Just imagine a day without customers complaining, with no comebacks, no returns and no problems. Also imagine what you would do when business starts to slow down. A few weeks of blaming it on the mild weather go by and you’ve run out of excuses. What do you do? You need some feedback. Perhaps there is something wrong in your shop, but since you don’t talk to your customers, you don’t know what those problems are.
While traveling on business a couple weeks ago, I stopped to visit a few of the readers of our magazines (Brake & Front End, ImportCar and Underhood Service). For me, the readers are my customers and it’s always nice to talk to them on their turf to see what’s going on. The conversations always include the topics of tool and equipment purchases, types of repairs they perform or vehicles they specialize in, and where they buy their parts. On this particular day, we got on the subject of high-speed Internet access. All three shops had a DSL line and were extremely happy with the ability to use it to get technical repair information and to communicate with other technicians through iATN. One of the shops is ordering parts online, another couldn’t wait to be able to do so, and the third has the capability, but won’t do it.

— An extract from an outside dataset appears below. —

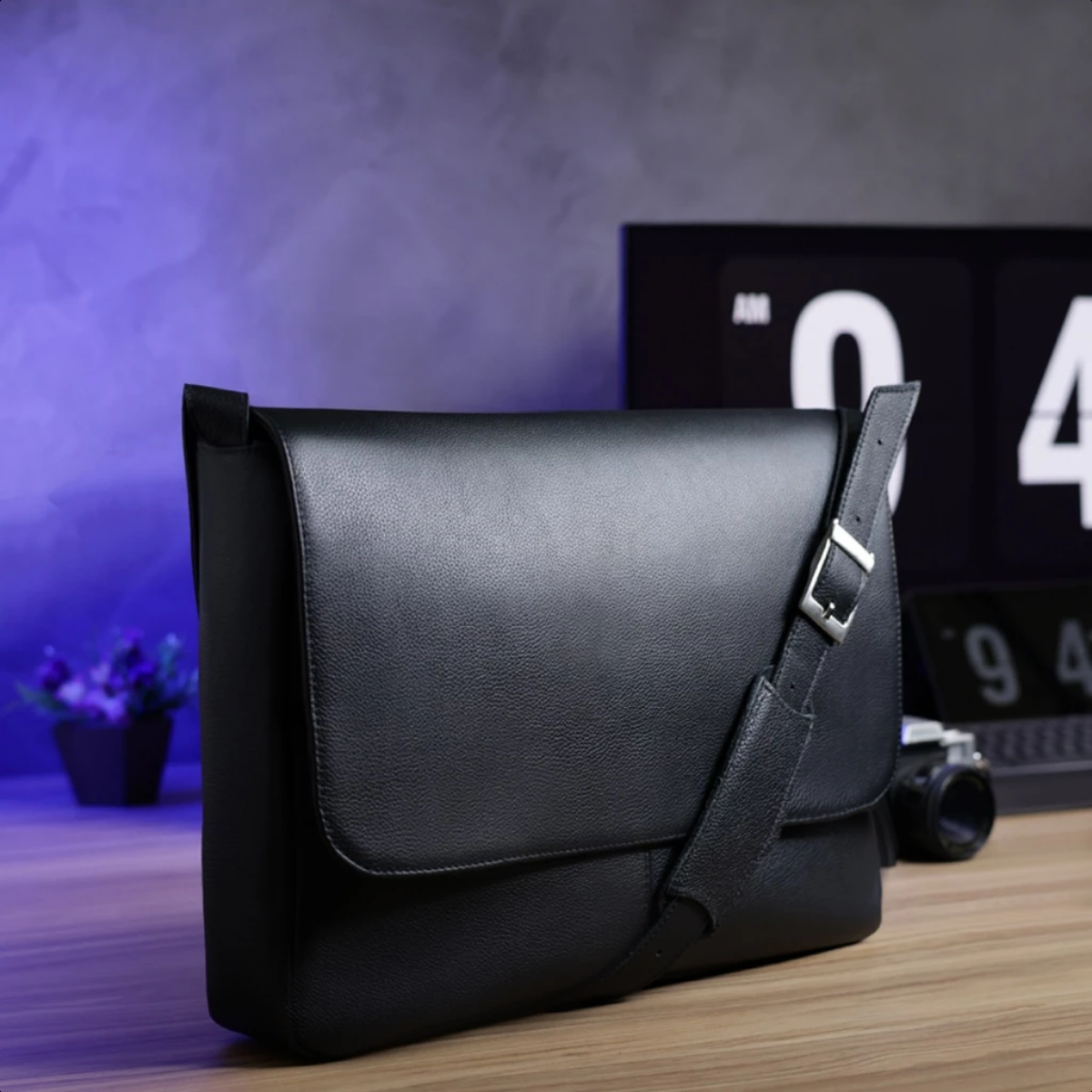 Bolsa Carteiro Masculina em Couro Legítimo Edimburgo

The shop owner who won’t order parts online was emphatic about the fact that this is a relationship business and she wants to be able to talk to the person on the other end of the phone, and make sure he understands the importance of their transactions and to be able to give him feedback — both positive and negative. She wants to listen to his advice, wants to know how his company is doing, wants to know about his recent vacation and wants to know the name of the person who is available to help when there is a crisis. The other shop owner who is ordering online said his jobber doesn’t have enough people to talk on the phone — they’re busy pulling parts. So this jobber’s most vital contact with his customer is the responsibility of the part-time guy delivering the parts. If business takes a turn for the worse, will there be time to change their ways and hit the streets again? If they’re looking to grow (and who isn’t), will they have the customer knowledge to make the correct decisions?
Technology is great and has an important role in business transactions, but we can’t forget the value of business relationships that are built on honesty and trust — relationships that are cultivated through face-to-face communication with customers, where we can learn and care about their concerns, and help them develop solutions to their problems.